• _WHAT IS REQUIRED_: Please repeat, exactly and without pictures, the lines of the entries below that run from the one containing "Bird Bed, Bird" through the one containing "Lego Belville, Vest".

• _SOURCE INFORMATION_:
--- --- ---

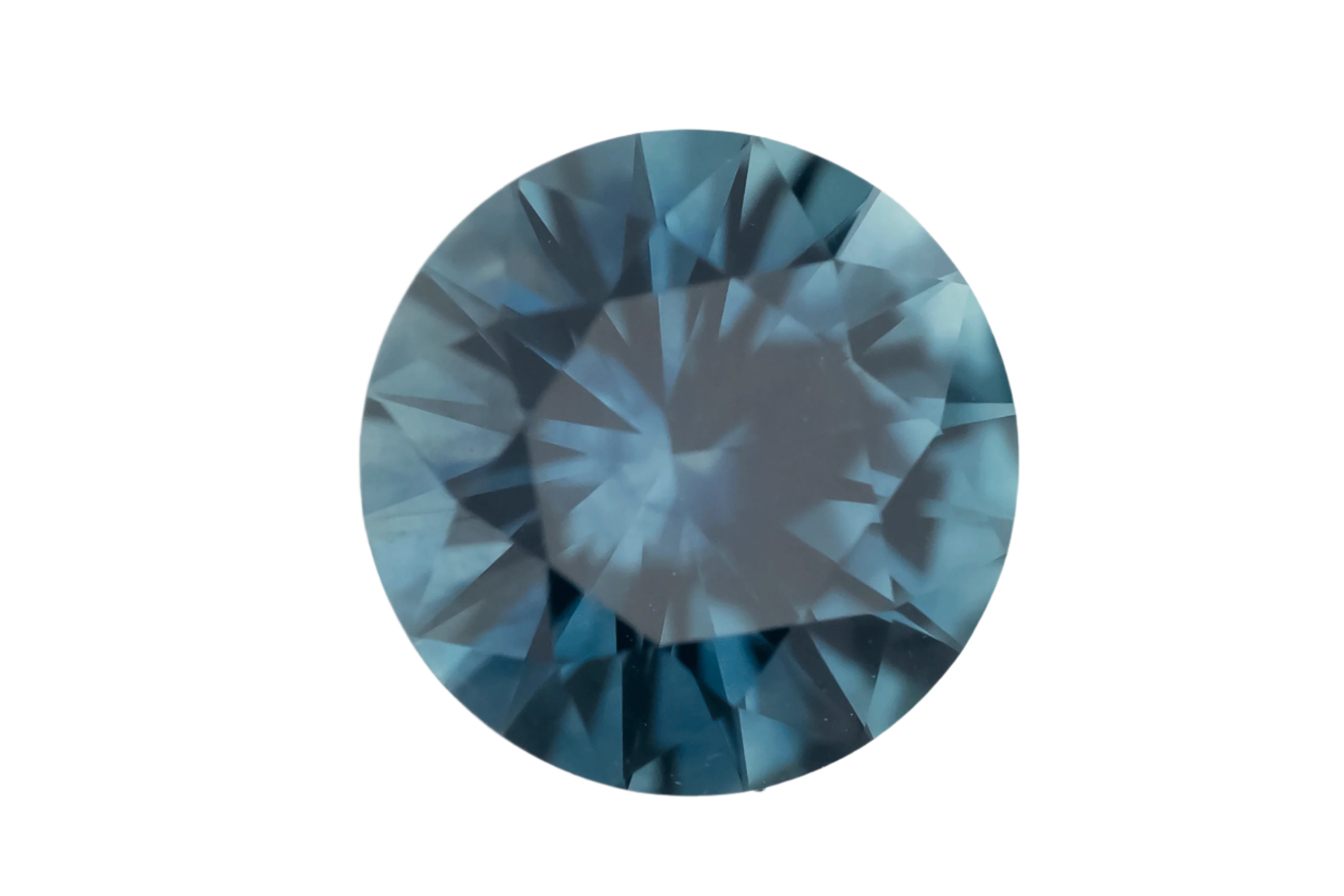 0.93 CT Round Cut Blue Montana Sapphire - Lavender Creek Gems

--- --- ---

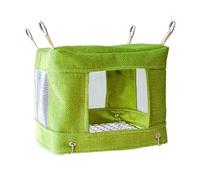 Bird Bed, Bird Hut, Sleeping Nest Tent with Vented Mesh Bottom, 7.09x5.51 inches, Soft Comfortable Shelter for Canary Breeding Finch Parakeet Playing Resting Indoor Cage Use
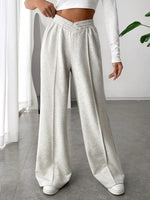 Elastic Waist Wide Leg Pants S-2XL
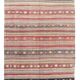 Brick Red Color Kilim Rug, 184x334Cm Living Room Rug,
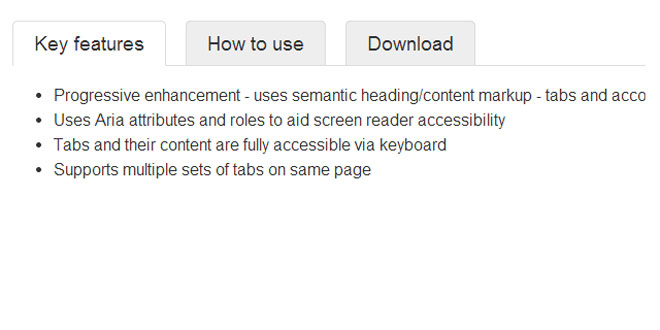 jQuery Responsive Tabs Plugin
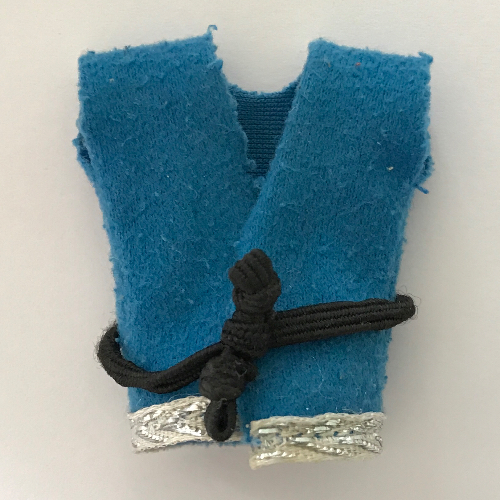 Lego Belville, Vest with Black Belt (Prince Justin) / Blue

--- --- ---

• _SOLUTION FOR THIS EXERCISE_:
 Bird Bed, Bird Hut, Sleeping Nest Tent with Vented Mesh Bottom, 7.09x5.51 inches, Soft Comfortable Shelter for Canary Breeding Finch Parakeet Playing Resting Indoor Cage Use
 Elastic Waist Wide Leg Pants S-2XL
 Brick Red Color Kilim Rug, 184x334Cm Living Room Rug,
 jQuery Responsive Tabs Plugin
 Lego Belville, Vest with Black Belt (Prince Justin) / Blue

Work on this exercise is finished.